## [Records provided]
┌──

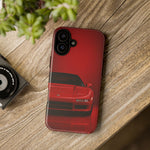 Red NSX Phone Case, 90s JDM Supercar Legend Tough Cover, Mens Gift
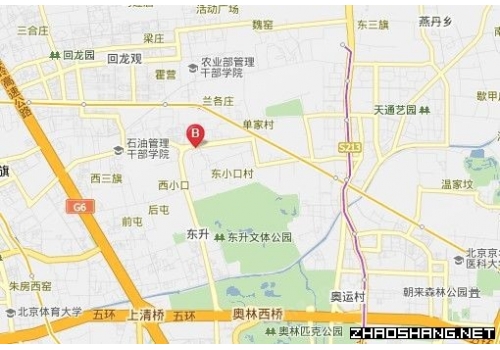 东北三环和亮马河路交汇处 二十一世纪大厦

└──
┌──

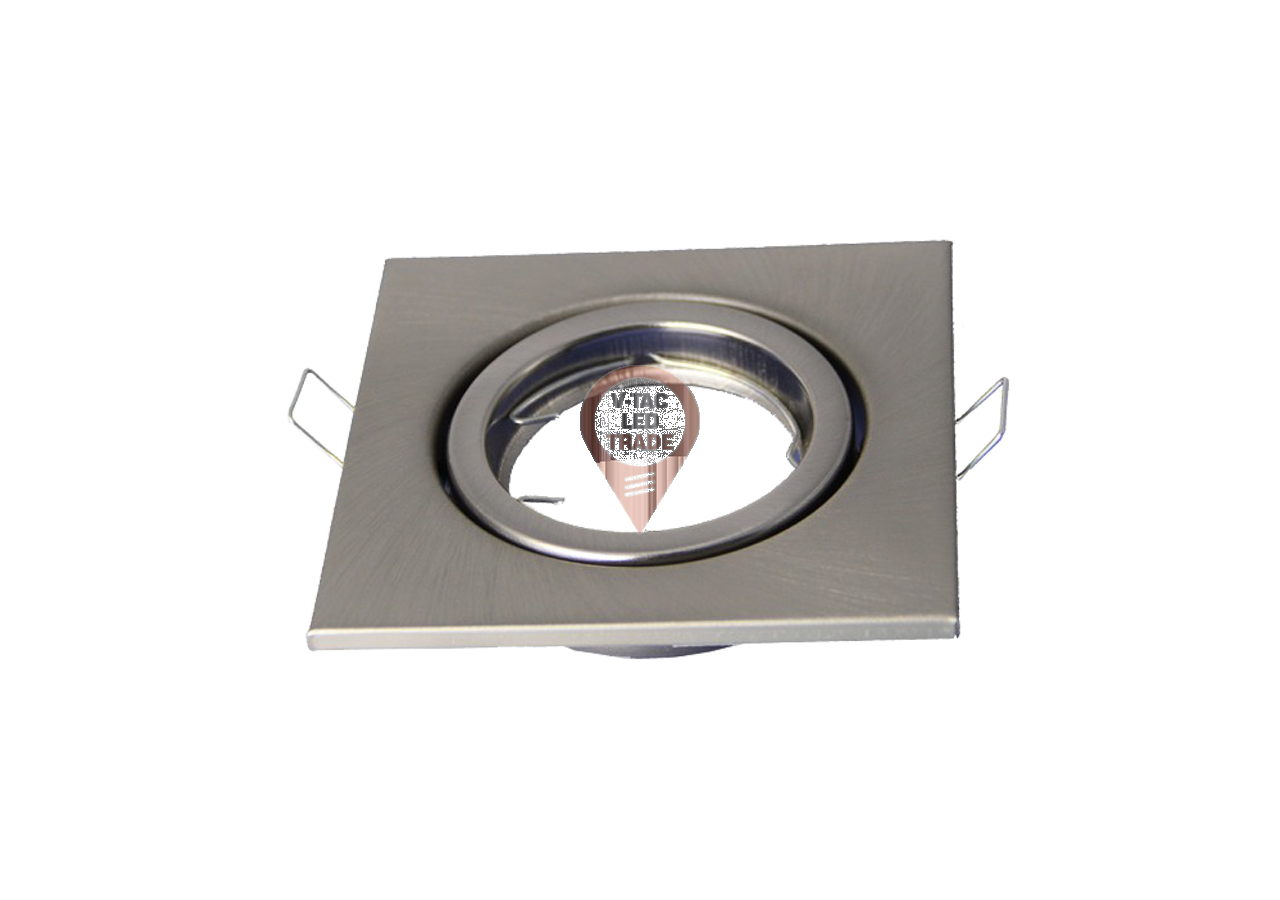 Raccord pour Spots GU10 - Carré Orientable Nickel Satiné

└──

## [Task to complete]
Start at the line containing "Red NSX Phone" above and stop at the line containing "东北三环和亮马河路交汇处 二十一世纪大厦". Output those lines exactly, both included, but none of the pictures.

## [Completed exercise]
 Red NSX Phone Case, 90s JDM Supercar Legend Tough Cover, Mens Gift
 东北三环和亮马河路交汇处 二十一世纪大厦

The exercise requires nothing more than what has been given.